Ingesting Data into Event Hubs Hey, how are you doing? I'm Elton, and this is Ingesting Data into Event Hubs, the next module in Real World Big Data in Azure. At the core of a big data solution is a message queue, which can receive huge numbers of events and make them available for processes to read. In Azure, we have event hubs, which can scale up to receive millions of messages per second, store them for up to seven days and make them available for multiple processes to read. We can plug in different components to receive messages, and they all get a copy of every event which means there's really no limit to what we can do with our platform. In this module, we're going to look at how event hubs work and why they're a key part of the solution. We'll create an event hub and see how it can be configured. Some parts of the setup are fixed once it's created, so you need to understand what you can change and when. We'll look at why we're using our own API rather than having the client send to event hubs directly, and then we'll plug in the REST API from module one into the event hub and start capturing our events. We'll keep our focus on running efficiently and reliably, and we'll see some of the practical limits of event hubs which you need to know about to get the best from the platform. Then we'll look at how we can test our solution outside of Azure so we can build up a suite of end to end tests that give us confidence in the whole stack. And lastly, we'll deploy what we have so far to the cloud, push some events through and see how our JSON logging framework gives us good traceability.

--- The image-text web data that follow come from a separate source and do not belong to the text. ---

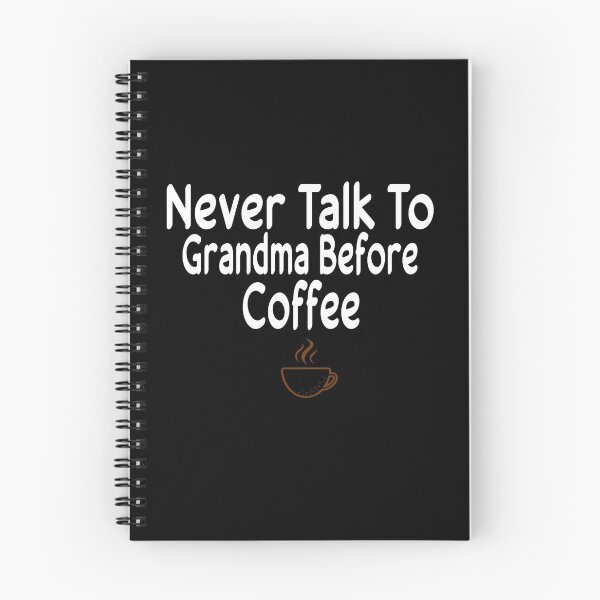 Item preview, Never Talk To Grandma Before Coffee designed and sold by ZAstore.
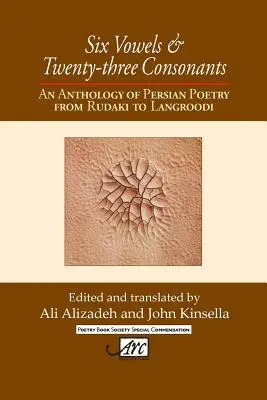 Šesť samohlások a dvadsaťtri spoluhlások: Antológia perzskej poézie od Rudakiho po Langrooda - Six Vowels and Twenty Three Consonants: An Anthology of Persian Poetry from Rudaki to Langrood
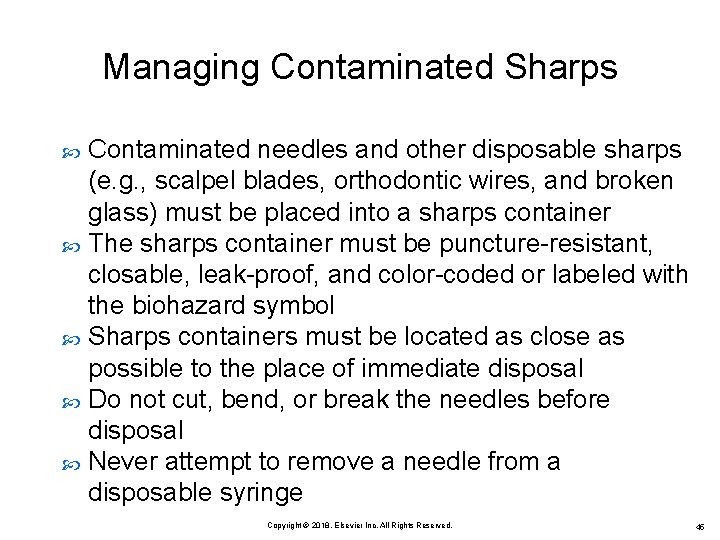 Managing Contaminated Sharps Contaminated needles and other disposable sharps (e. g. , scalpel blades,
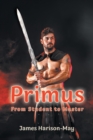 Image for Primus : From Student to Master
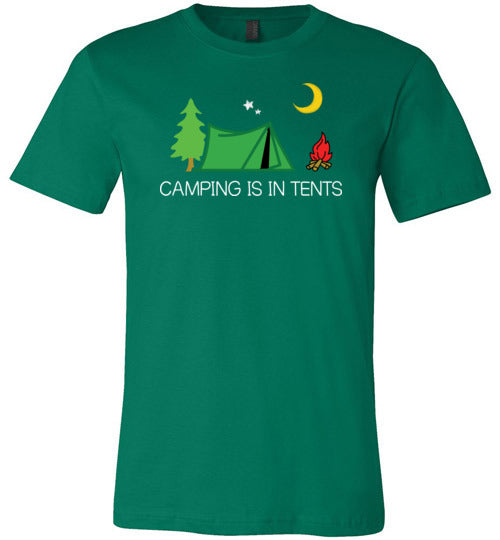 Camping Is In Tents Canvas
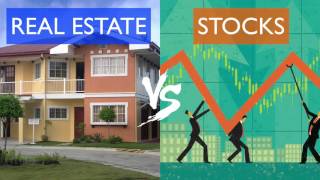 Real Estate vs Stocks - Investing Philippines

Storing Event Data for Batch Queries Hey, how you doing? I'm Elton and this is Storing Event Data for Batch Queries. The next module in real world big data in Azure. In big data solutions typically is the real-time output that people want to see. The colorful dashboards and that they're constantly updating. They look great and they distill huge amounts of data into manageable chunks of really useful information. We'll be building that stuff soon but the other output of big data is deep storage. It doesn't look flash but if anything, it's even more important. Deep storage means storing every event permanently in its raw form so that we can query it later. This is a real enabler for the business. When you put your big data solution life often people don't know exactly what output they want to see. But later when someone says, "Can you tell me "how many of these? " Or "When is it people are doing this? " That's when deep storage comes in. As long as you've been storing all those events, you can build a query to answer new questions going back over all the historical data. We're going to use Azure Blob Storage for our deep storage component. Blob storage is Hadoop compatible so it's easy to query our events. It's reliable and highly available and it's cheap. We're just storing events on disks somewhere in a data center, we're not using any compute resource for the actual storage and only minimal resources to pull events from the hub and store them as blobs. So if we're handling billions of messages every week and storing terabytes of data every month our Azure bill is still going to be comparatively small. And we're going to have all the data we need to answer any type of questions from finding one single event to correlating and aggregating across billions of events.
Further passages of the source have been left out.